No. The company's cash flow from operations was negative in FY19 and FY17, while it was positive in FY16 and FY18.
20. Did the company increase its revenue by 10 per cent CAGR in the last three years?
Yes. The company has achieved a revenue CAGR of 44 per cent in the last three years*.
21. Is the company's net debt-to-equity ratio less than one or is its interest-coverage ratio more than two?
No. The company's net debt-to-equity ratio is two times.
22. Is the company free from reliance on huge working capital for day-to-day affairs?
Yes. The company usually receives payments in advance at the beginning of the contract and during the course of the contract that covers most of its expenses. However, its working capital is significantly bloated because of large loans and advances given to related parties to the tune of Rs 1935 crore which came on the books post the demerger. Around 42 per cent of the current assets consist of related party transactions in the form of advances and receivables.

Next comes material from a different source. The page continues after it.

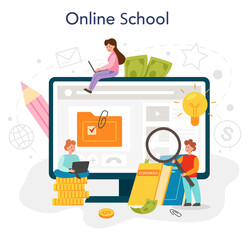 Economy school subject online service or platform. Student studying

23. Can the company run its business without relying on external funding in the next three years?
No. With the massive increase in short-term borrowings and significant negative cash from operations in FY19, it seems highly unlikely.
24. Have the company's short-term borrowings remained stable or declined (not increased by greater than 15 per cent)?
No. There has been a drastic increase in short-term borrowings in FY19 to Rs 2228 crore from Rs 184cr in FY18 due to assuming liabilities in the demerger process.
25. Is the company free from meaningful contingent liabilities?
Yes. There are negligent contingent liabilities reported by the company. However, there are significant litigations against promoters. In addition to this, they have non-fund-based secured borrowings (do not involve inflow of funds but can if the company fails to honour commitment towards its creditors for example bank guarantees) explain what this means to the tune of Rs 3232 cr and unsecured non-fund-based borrowings to the tune of Rs 577 crore.
26. Does the stock offer operating earnings yield of more than eight per cent on its enterprise value?
No. The stock offers an operating yield of 5.91 per cent on its enterprise value calculated on its upper price band.
27. Is the stock's price to earnings less than its peers' median level?
There are no such listed companies that can be direct competitors. However, on the upper price band, the company's PE is around 20 times.
28. Is the stock's price-to-book value less than its peers' average level?
There are no such listed companies that can be direct competitors. However, on the upper price band, the company's PB is around 15 times.
Book running lead managers - ICICI Securities, Axis capital Credit Suisse, Deutsche India, IIFL securities
*All Calculations done on the basis of restated financials of FY18 and FY19 for the demerged company and carved out financials for FY16-FY17
#The lower the score you find here, the riskier the stock
Disclosure: Author may be an applicant in this Initial Public Offering.